(Beginning of RECORD SET)

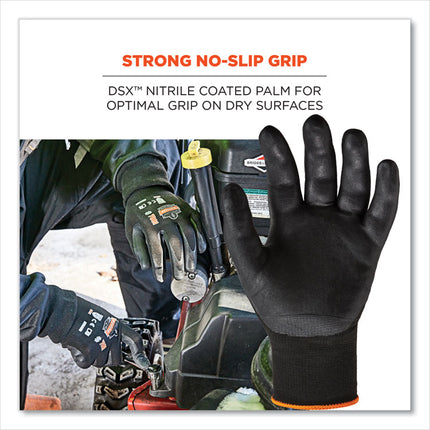 ProFlex 7001-CASE Nitrile Coated Gloves, Black, Small, 144 Pairs/Carton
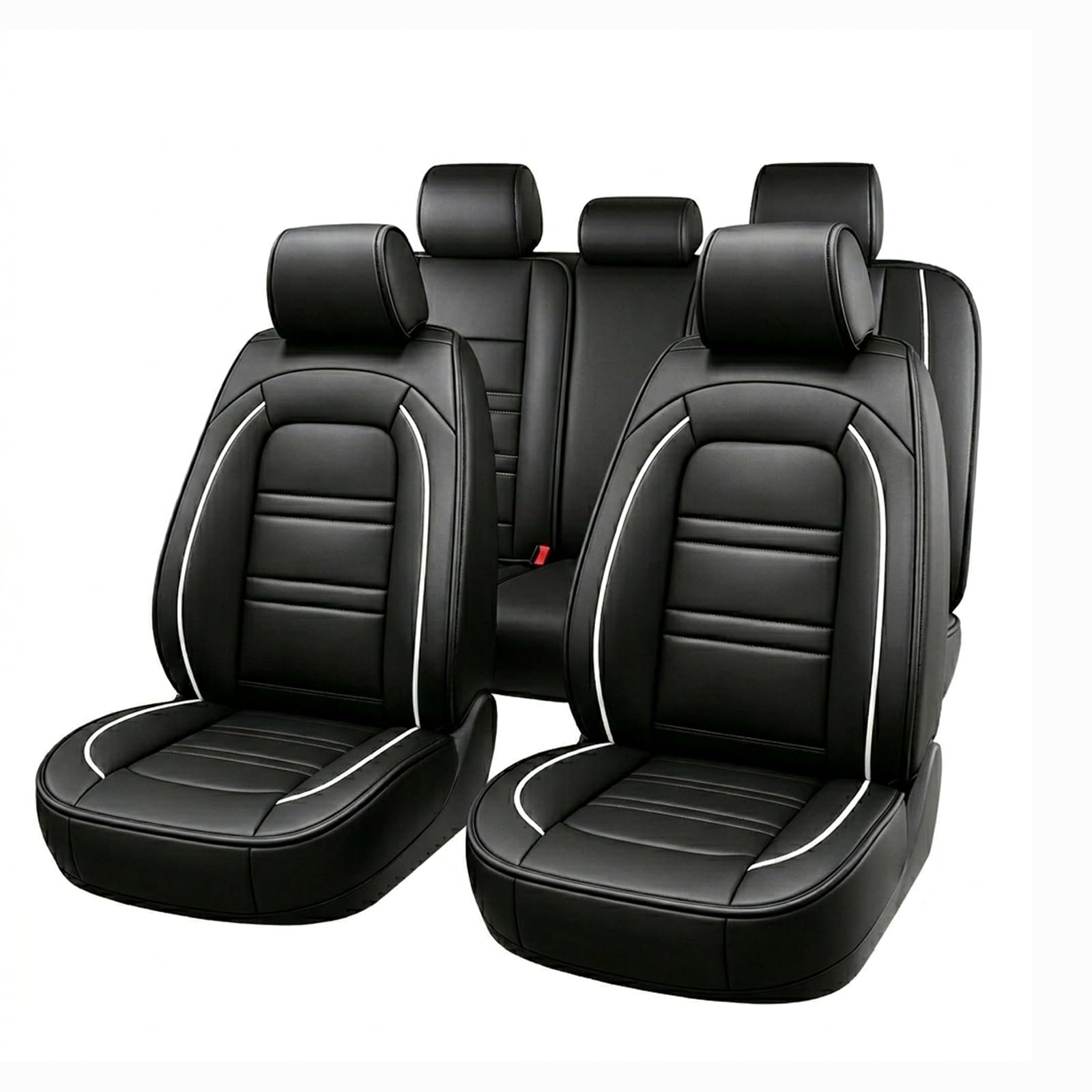 RFUJBPDZA Leather Car Seat Covers Full Set, For Audi Q2 Q3 Q4 Q5 Q7 Q8 Q9 S1 Luxury Faux Leather Interior Protector Breathable Airbag Compatible Automotive,A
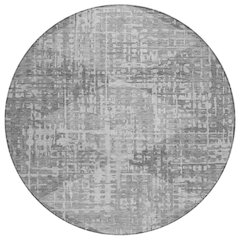 Machine Washable Indoor/Outdoor Chantille ACN2026 Gray 8' x 8' Round Rug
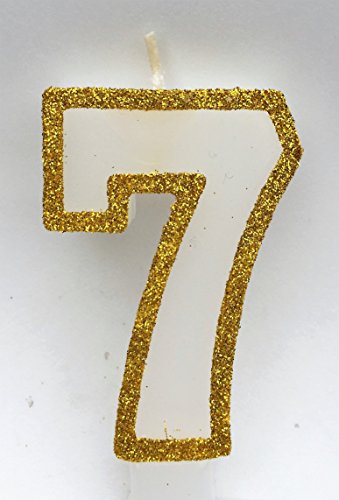 Wasiwax Number (7) Birthday Candle - Gold Glitter - Browse Our Store and Choose Other Numbers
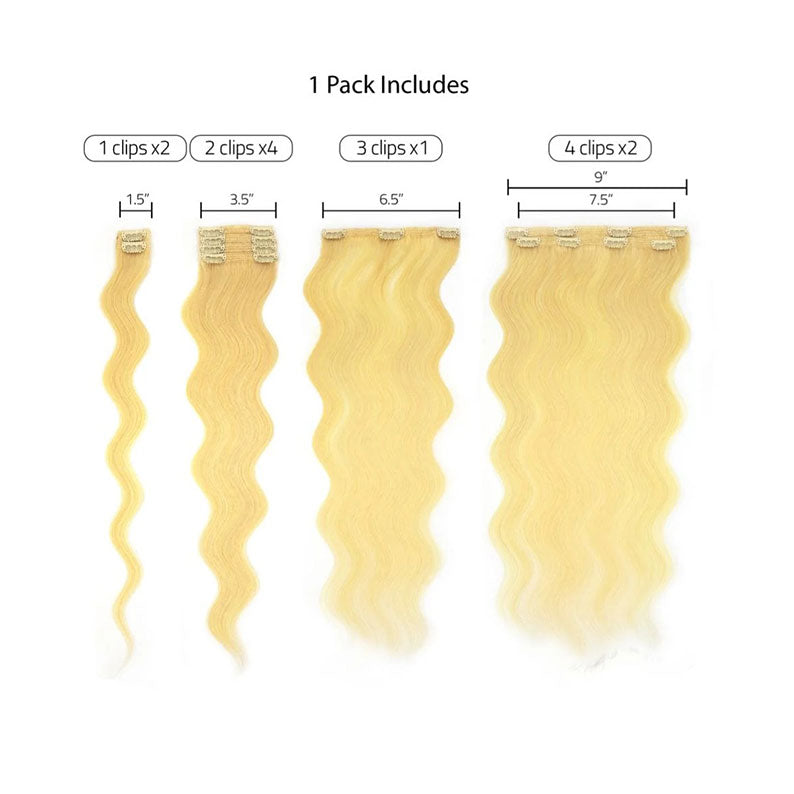 Avanti human hair blend clip in extensions blonde wavy set showing clip counts and widths
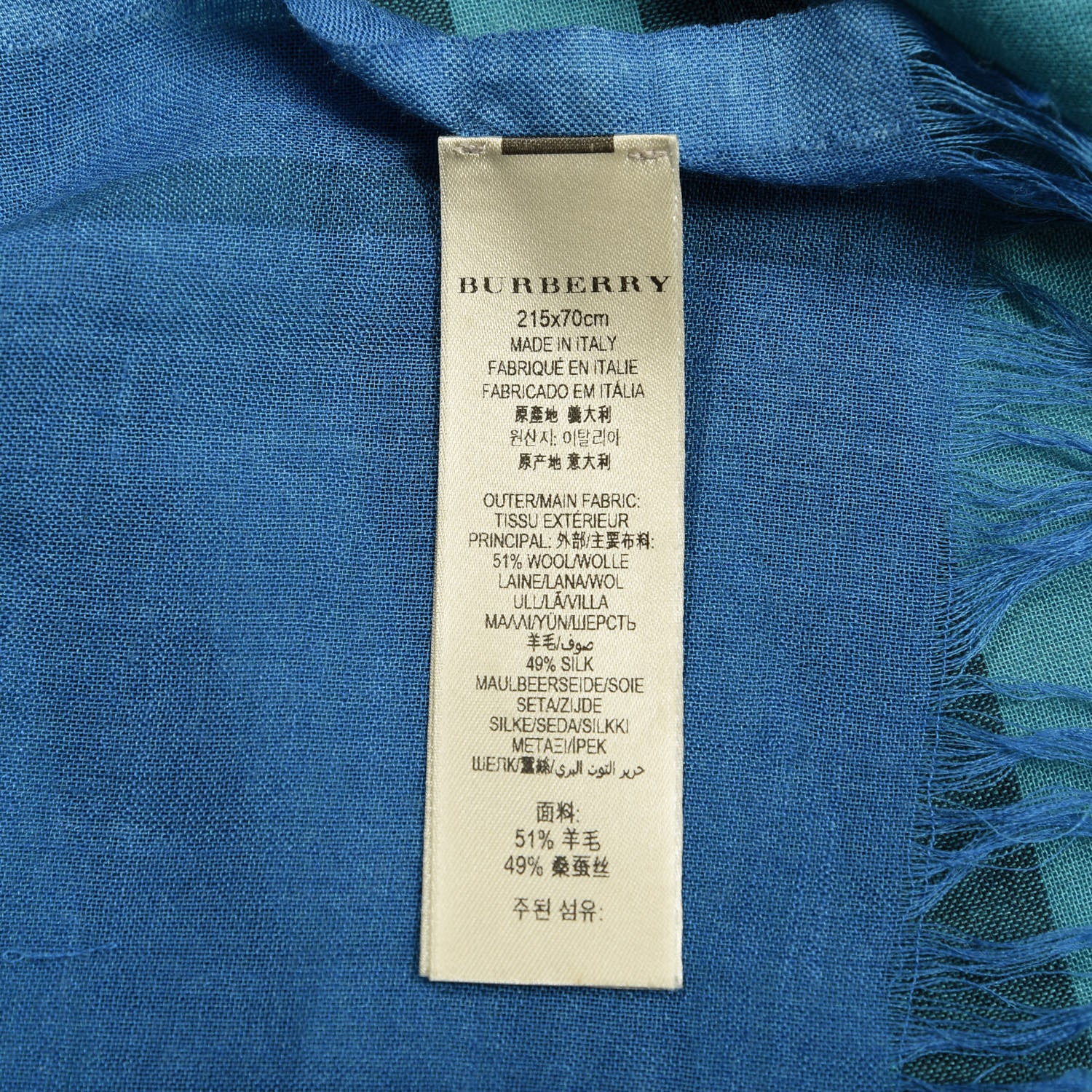 Burberry Wool Silk Gauze Ombre Giant Check Scarf Blue 4 of 6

(End of RECORD SET)

◆ **TO DO**:
Reproduce word for word only the lines between the line containing "RFUJBPDZA Leather Car" and the end of the listing above, both included, and drop any pictures.

◆ **SOLUTION TO THIS TASK**:
 RFUJBPDZA Leather Car Seat Covers Full Set, For Audi Q2 Q3 Q4 Q5 Q7 Q8 Q9 S1 Luxury Faux Leather Interior Protector Breathable Airbag Compatible Automotive,A
 Machine Washable Indoor/Outdoor Chantille ACN2026 Gray 8' x 8' Round Rug
 Wasiwax Number (7) Birthday Candle - Gold Glitter - Browse Our Store and Choose Other Numbers
 Avanti human hair blend clip in extensions blonde wavy set showing clip counts and widths
 Burberry Wool Silk Gauze Ombre Giant Check Scarf Blue 4 of 6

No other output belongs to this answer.